This page is part of the website

Mathematics Goes to the Movies

by Burkard Polster and Marty Ross

 

Strangers on a Train (1951)

28:20
Guy Haines (Farley Grainger) is in a train carriage, reading a newspaper. At the other end of the carriage, a drunk (John Brown) is singing to himself. It turns out that he is Professor Collins, a mathematics professor who has just given a “speech”. He stops singing and addresses Haines.
COLLINS: What’s your opinion?
HAINES: Well you’ll never make the Metropolitan.
COLLINS: The name’s Collins. On sabbatical, Deleware Tech. Glad to meet ya. I just made a speech in New York, on integration. In differential calculus a function is given and a differential is obtained. Do you understand?
HAINES: Yes, I understand.
COLLINS (astonished): You do?
Collins goes back to his singing.

36:58
Ann Morton (Ruth Roman) is Haines’s lover. She and her family inform Haines that his wife has been murdered. They discuss his alibi, that he was on a train at the time of the murder, and that he talked to someone there.
HAINES: His name was…Co-Co….Collins. He’s a professor.
SENATOR MORTON(Leo G. Carroll): Harvard?
HAINES: Delaware Tech.
Senator Morton looks disgusted.

40:31
Haines tells his story to the police, and meets Professor Collins at the police station, but Professor Collins can’t remember having met him.
HAINES (to Collins): …and calculus.

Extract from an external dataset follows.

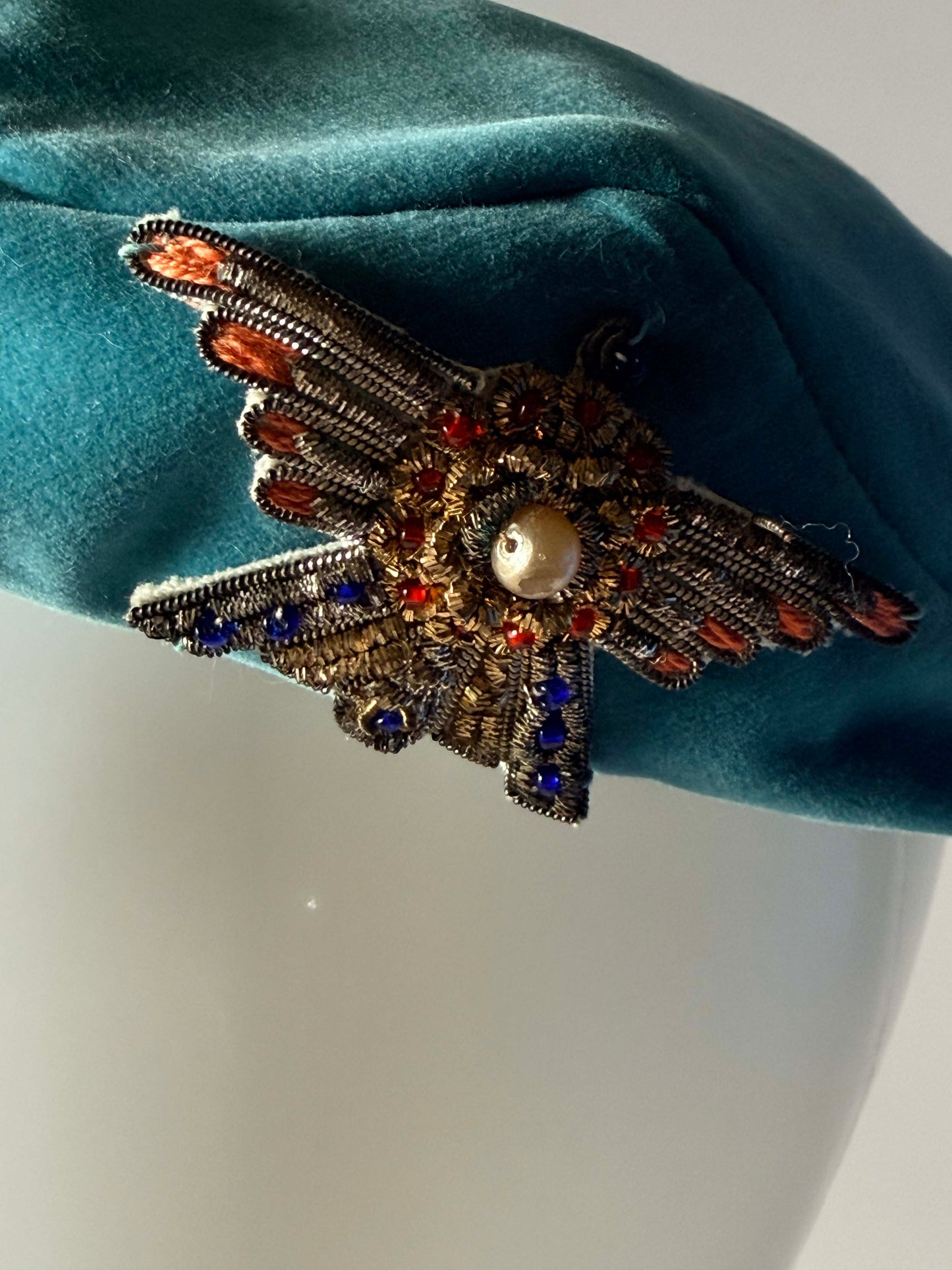 Vintage 1940s Turquoise Velvet Tilt Hat Jeweled Bird Appliqué Blue Cocktail Hat Sculpted WWII Era Millinery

You were going over a speech you’d made.

DISCUSSION: As far as it goes, the mathematics Professor Collins describes is correct, though it sounds too elementary for a “speech” from a visiting professor, and a speech is more likely to be referred to as a colloquium or lecture. Professor Collin’s astonishment at Haines’s understanding is very appropriate (and very funny).